Call me. You know where. Call when you can talk.
It took me a good ten seconds to get it. I laughed at least that long. I still laugh. “Call when you can talk.” Ha ha ha!!

Leave a comment


  1. Paul

     /  2014/12/25

    That is so touching OB, I can feel the little guystravelling and experiencing the joys of life. Well told an d a magical Christmas story. Merry Christmas to you and yours!

    As an aside, I have a new guest post over at C0rdelia’s Mom I would be honored if you could drop by for a read.

    Liked by 1 person

    • That really surprised me, Paul–that you found it touching. Of course, I”m extremely pleased! I hadn’t known it would evoke anything like that for anyone other than me.

      I hope my non-posting lag is now broken for a while–that WOULD be a nice Christmas gift : )

      Your kitten tale was sad, but I was still glad I read it, because your stories are always worth reading. You are patient with your reader, making no assumptions. Thank you for that!

      Merry Christmas back to you! And now, to sleep. I think and write slowly, and was up all night doing the post…yawn…


  2. It is touching, Babe. Very. I love this bittersweet story.

    Liked by 1 person

    • Thank you so much, Maggie. I’m afraid I’m detecting the possibility that an undercurrent of sadness, or sometimes anger, unknown to me, runs through my every interaction.

      Eh! Not gonna lose sleep over it–nothin’ I can do! LOL 🙂


  3. Oops. My manners: Merry Christmas to you, too!

    Liked by 1 person

  4. Your imagination is a marvel.

    All of these stories from your past, nestled and preserved and ripe for the picking.

    I love that these stories exist after reading your blog so long. You are a treasure trove of rich stories and awesome, and I believe I speak for all your readers when I say thank you.

    Thank you, thank you, thank you.
    For sharing your fascinating world with the rest of us.

    Liked by 1 person

    • Oh, Joey,

      I’ll just pretend we both don’t know why you gave me such a wonderful Christmas gift of a comment, and say thank you very much.

      –She Who Sucks Least


  5. Such a bittersweet tale, or tail, as it were. Glad that you popped back up on my radar – I really enjoy reading your posts. Hope your holidays went well and that you have much to look forward to in the year ahead!

    Liked by 1 person

    • Thank you for giving me one of my favorite gifts this year, Michelle. And re: those good wishes, from your lips to God’s ear. Merry Christmas, and a happy, healthy, fortunate New Year!

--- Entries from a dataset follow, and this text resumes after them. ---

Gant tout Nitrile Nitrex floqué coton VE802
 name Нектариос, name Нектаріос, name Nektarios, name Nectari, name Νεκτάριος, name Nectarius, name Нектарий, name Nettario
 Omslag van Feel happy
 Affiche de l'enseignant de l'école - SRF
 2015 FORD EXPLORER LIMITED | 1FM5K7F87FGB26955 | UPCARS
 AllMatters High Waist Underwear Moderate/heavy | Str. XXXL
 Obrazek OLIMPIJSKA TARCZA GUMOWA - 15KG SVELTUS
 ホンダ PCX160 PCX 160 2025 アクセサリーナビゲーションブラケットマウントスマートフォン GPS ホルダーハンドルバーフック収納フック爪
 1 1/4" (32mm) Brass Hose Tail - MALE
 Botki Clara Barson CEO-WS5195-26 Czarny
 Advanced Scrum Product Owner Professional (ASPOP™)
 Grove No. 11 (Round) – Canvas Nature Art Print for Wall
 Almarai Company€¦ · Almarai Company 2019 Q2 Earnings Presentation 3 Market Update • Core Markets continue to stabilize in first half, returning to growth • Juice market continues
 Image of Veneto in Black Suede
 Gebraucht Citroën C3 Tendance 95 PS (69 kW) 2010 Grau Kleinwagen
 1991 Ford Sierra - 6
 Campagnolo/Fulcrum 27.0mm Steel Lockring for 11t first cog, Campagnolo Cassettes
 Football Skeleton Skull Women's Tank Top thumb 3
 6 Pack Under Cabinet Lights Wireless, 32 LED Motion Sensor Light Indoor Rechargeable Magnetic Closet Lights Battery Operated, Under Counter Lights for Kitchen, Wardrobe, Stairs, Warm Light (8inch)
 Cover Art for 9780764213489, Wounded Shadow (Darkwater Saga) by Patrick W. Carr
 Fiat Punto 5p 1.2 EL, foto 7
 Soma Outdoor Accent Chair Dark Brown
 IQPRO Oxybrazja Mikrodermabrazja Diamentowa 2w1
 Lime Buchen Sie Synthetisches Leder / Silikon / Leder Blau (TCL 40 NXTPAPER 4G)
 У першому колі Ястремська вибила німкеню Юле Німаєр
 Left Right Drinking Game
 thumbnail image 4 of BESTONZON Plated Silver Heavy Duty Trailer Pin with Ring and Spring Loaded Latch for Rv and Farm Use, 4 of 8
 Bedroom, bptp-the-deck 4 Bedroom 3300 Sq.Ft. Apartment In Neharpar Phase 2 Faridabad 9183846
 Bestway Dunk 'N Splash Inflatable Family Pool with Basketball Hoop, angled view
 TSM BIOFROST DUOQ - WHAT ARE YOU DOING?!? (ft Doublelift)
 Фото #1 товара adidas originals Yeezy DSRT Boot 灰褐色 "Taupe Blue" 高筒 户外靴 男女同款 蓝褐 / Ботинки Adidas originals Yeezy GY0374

  6. Your imagination betrays you, you should have been a screenwriter. Glad to know that the kids survived the split, although I would say Roo got the better end of the deal going to California. Based on your writing, I would say the child in you is alive and well, and that writing brings out the best in you, lucky for us 🙂

    Liked by 1 person

    • I will take that as the compliment I believe you intended, even as my interior monologue simultaneously interprets your words in the worst possible light:

      “should have been”–“So, I’m a husk. No productive years or careers are possible.
      “writing brings out the best in you”–She’s aware I’m a bitter sh#theel who is able to rise above my true nature only with carefully pre-chosen words.

      Jeez, it ain’t easy bein’ me. But online, it’s fun. Thank you for reals!

      Liked by 1 person

  7. Two wrongs don’t make a write. Your crafty brain is still all right. Careers may come and careers may go, but only you can determine where to row.


  8. You crack me up!!! ROFL


  9. Why ruin a good thing? 😉 Nothing kills genius faster than marriage. it will just have to go unrequited <3.